## [PROBLEM DETAILS]
Please repeat exactly the lines from the one containing "Olives on sale/display" through the last line of the records below, both included, and leave out any pictures.

Items from a dataset
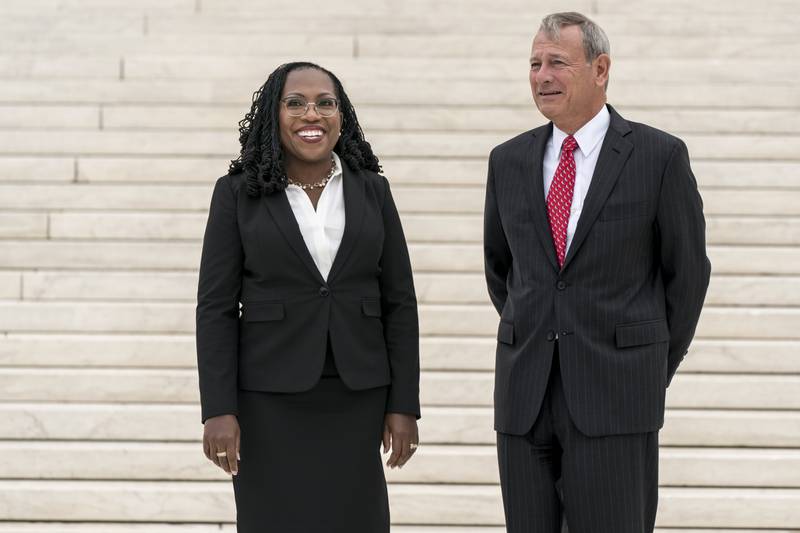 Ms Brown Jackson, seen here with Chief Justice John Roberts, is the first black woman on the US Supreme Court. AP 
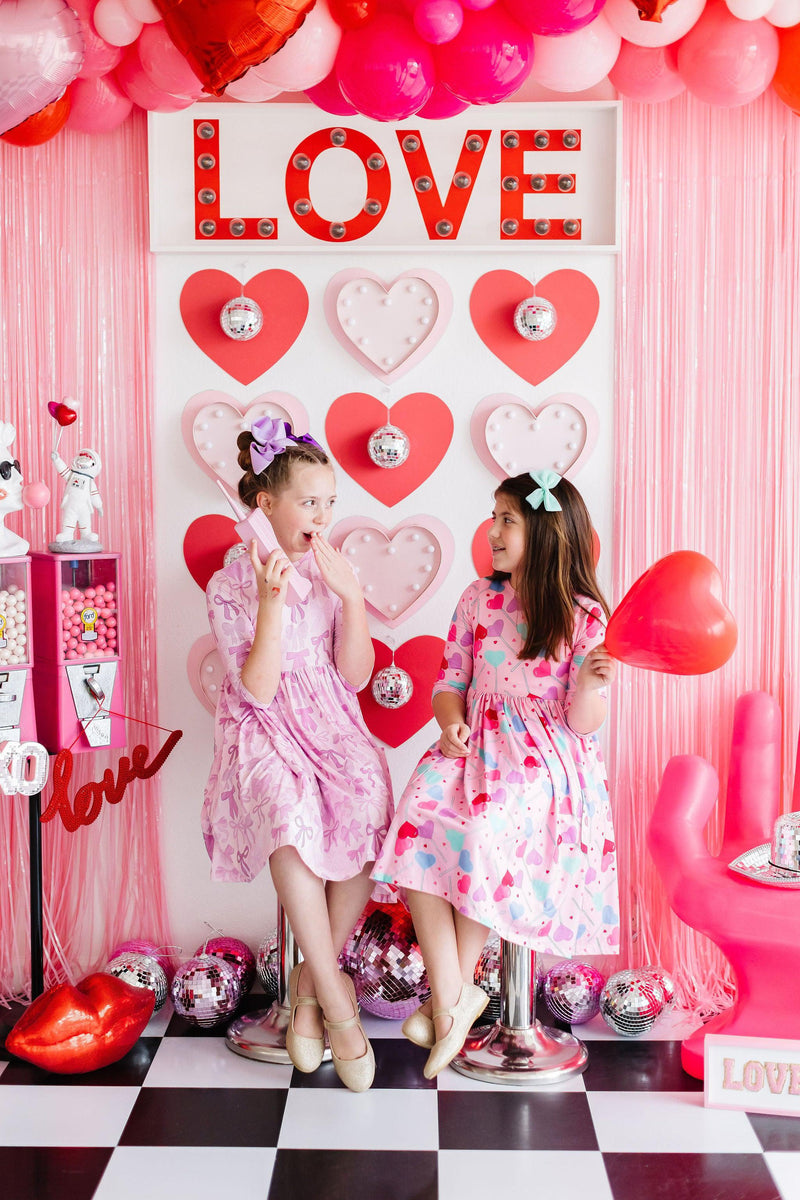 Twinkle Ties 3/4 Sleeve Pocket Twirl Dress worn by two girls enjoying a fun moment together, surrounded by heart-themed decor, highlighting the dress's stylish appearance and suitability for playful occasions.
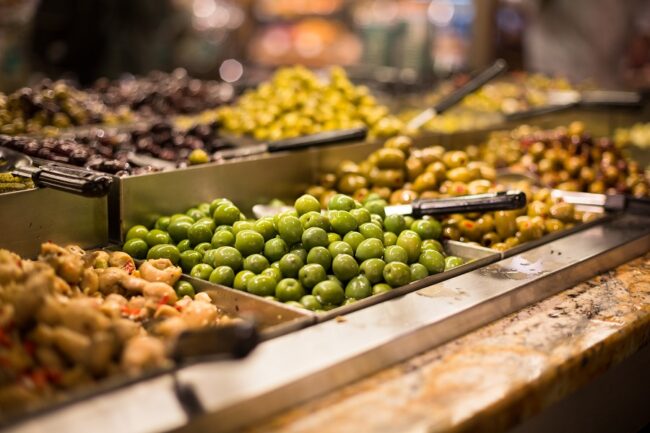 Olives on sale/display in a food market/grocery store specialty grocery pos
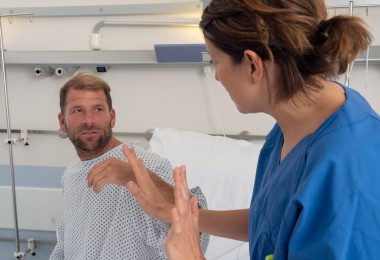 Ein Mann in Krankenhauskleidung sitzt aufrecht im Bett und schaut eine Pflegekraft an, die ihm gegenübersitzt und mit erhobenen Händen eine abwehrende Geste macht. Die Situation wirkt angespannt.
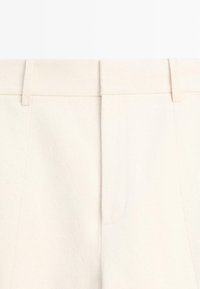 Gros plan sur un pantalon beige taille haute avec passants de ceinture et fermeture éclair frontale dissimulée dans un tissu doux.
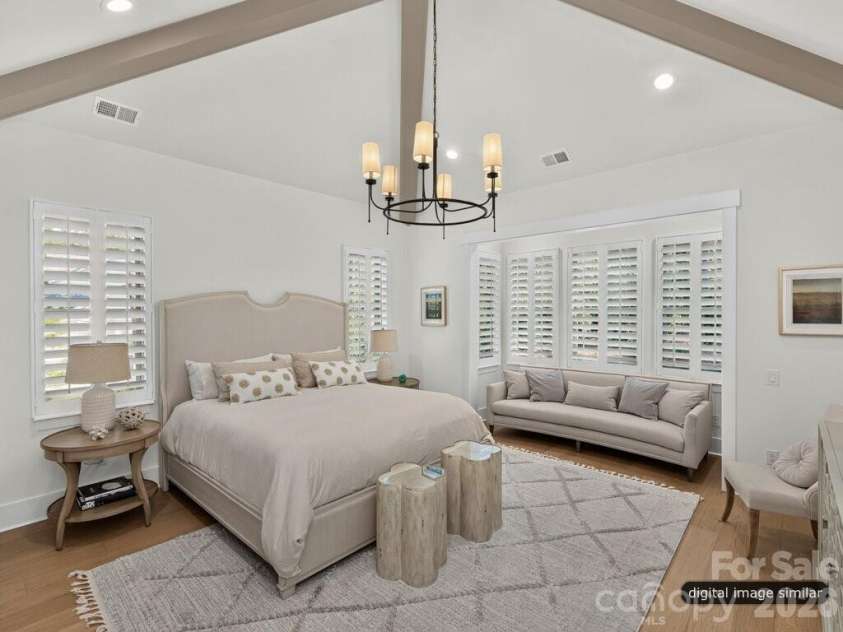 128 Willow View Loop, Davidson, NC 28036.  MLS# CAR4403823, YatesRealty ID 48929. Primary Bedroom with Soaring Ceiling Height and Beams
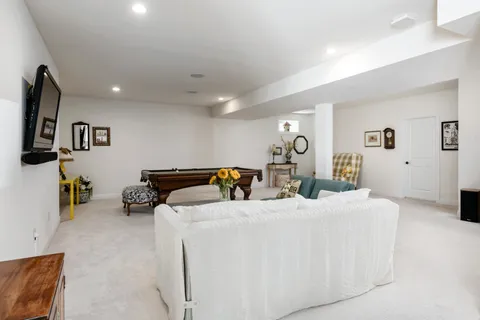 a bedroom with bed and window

## [SOLUTION FOR THIS TASK]
 Olives on sale/display in a food market/grocery store specialty grocery pos
 Ein Mann in Krankenhauskleidung sitzt aufrecht im Bett und schaut eine Pflegekraft an, die ihm gegenübersitzt und mit erhobenen Händen eine abwehrende Geste macht. Die Situation wirkt angespannt.
 Gros plan sur un pantalon beige taille haute avec passants de ceinture et fermeture éclair frontale dissimulée dans un tissu doux.
 128 Willow View Loop, Davidson, NC 28036.  MLS# CAR4403823, YatesRealty ID 48929. Primary Bedroom with Soaring Ceiling Height and Beams
 a bedroom with bed and window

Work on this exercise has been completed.